# MORE BRIDGEPORT M HEAD QUESTIONS



## Currahee26 (Aug 10, 2017)

Greetings!

The mill is up and running fine.  I have a question about the COLLETS /SPINDLE SIZES.  I have a set of collets that are Morse Taper #2 that fit the M head spindle I have.  They are limited to 1/2 inch max. 

What device am I looking for that will allow me to use the MT #2 spindle main hole size and drawbar, but use BIGGER milling bits?  I'm presuming there is an ADAPTER to do just this sort of upgrade, but I don't know what I'm looking for by NAME.   I see spindle CHUCK adapters but they don't tell me much as to how they are used. (On eBay) I have a MT keyed Jacobs drill bit chuck but it is limited in size and accuracy.  It is NOT drawbar tightened.

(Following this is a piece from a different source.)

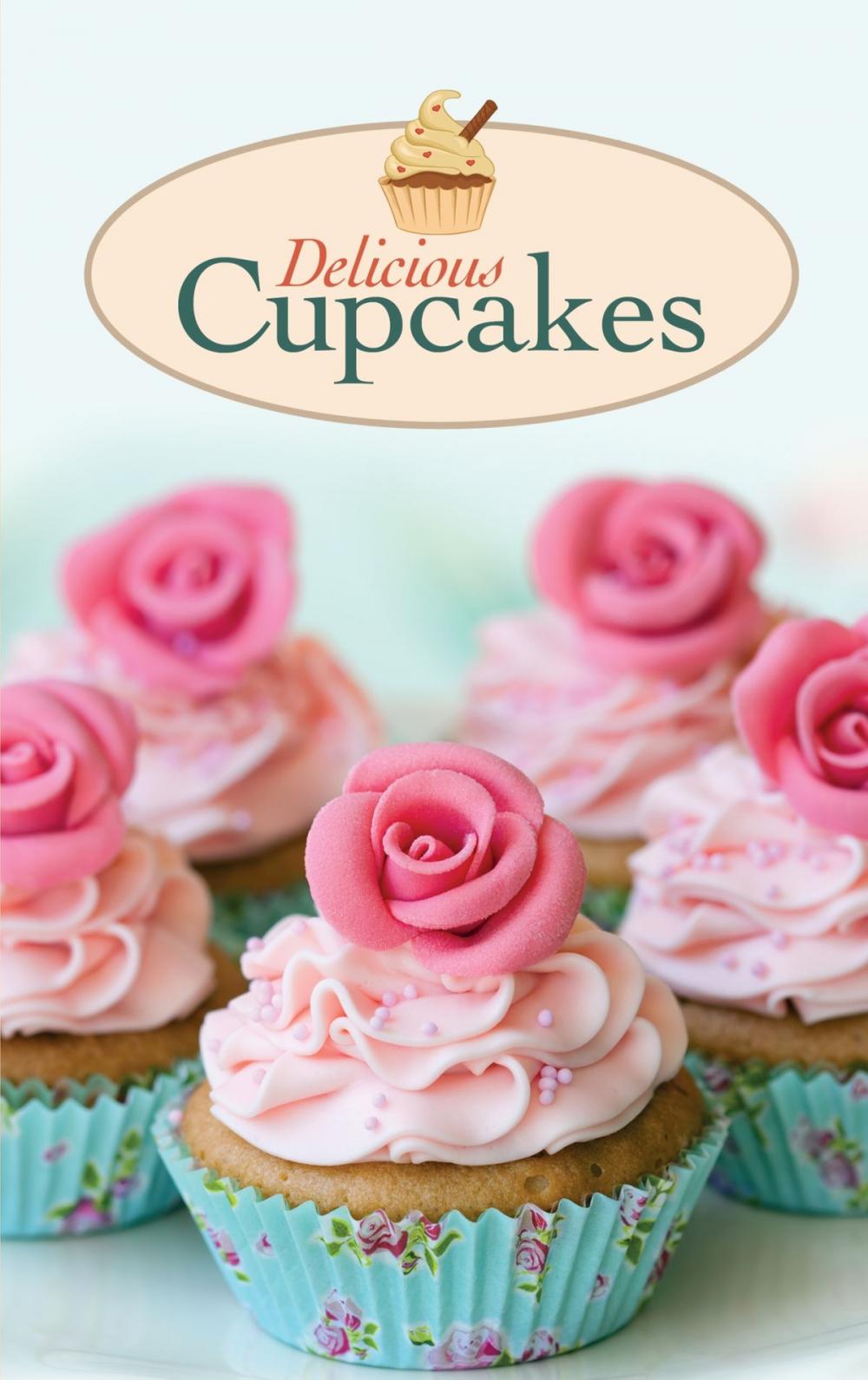Big bigCover of Delicious Cupcakes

Any suggestions or mfg names/styles I am looking for? 
Thanks
Dave


----------



## Technical Ted (Aug 10, 2017)

I use a set of these.

http://www.ebay.com/itm/4-PC-MT2-MO...652648?hash=item1a2c232da8:g:GWAAAOSwZKBZG2yv

I also picked up a 5/8" holder as well.

Ted


----------



## markba633csi (Aug 10, 2017)

You could also get a MT2 to ER collet chuck and just buy the collet sizes you need.  May have to make a new drawbar. 
ER25 goes to 5/8"
ER32 goes to 3/4" I think
Mark


----------



## Currahee26 (Aug 10, 2017)

WOW!< Great information!  I had an idea this is what I wanted but could never find an adequate description of these adapters to pull the trigger on. 

Thanks gentlemen for your help and information
Dave


----------



## Ron1939 (Aug 11, 2017)

Technical Ted said:


> I use a set of these.
> 
> http://www.ebay.com/itm/4-PC-MT2-MO...652648?hash=item1a2c232da8:g:GWAAAOSwZKBZG2yv
> 
> ...


Hi Ted, what holds the end mills in place?


----------



## Technical Ted (Aug 11, 2017)

Ron1939 said:


> Hi Ted, what holds the end mills in place?



There's a set screw in the holder to hold tools in place. One tip when ordering these is to make sure you get ones with the correct draw bar thread, because they also come in metric threads... mine is 3/8"-16.

Ted


----------



## Silverbullet (Aug 11, 2017)

Hi welcome to the site. The er32 will work well and is easier then changing the morse collets . Nice little mill will do lots of work , make a fly cutter to use , every mill needs one . Easy project and can be made in lots of ways.


----------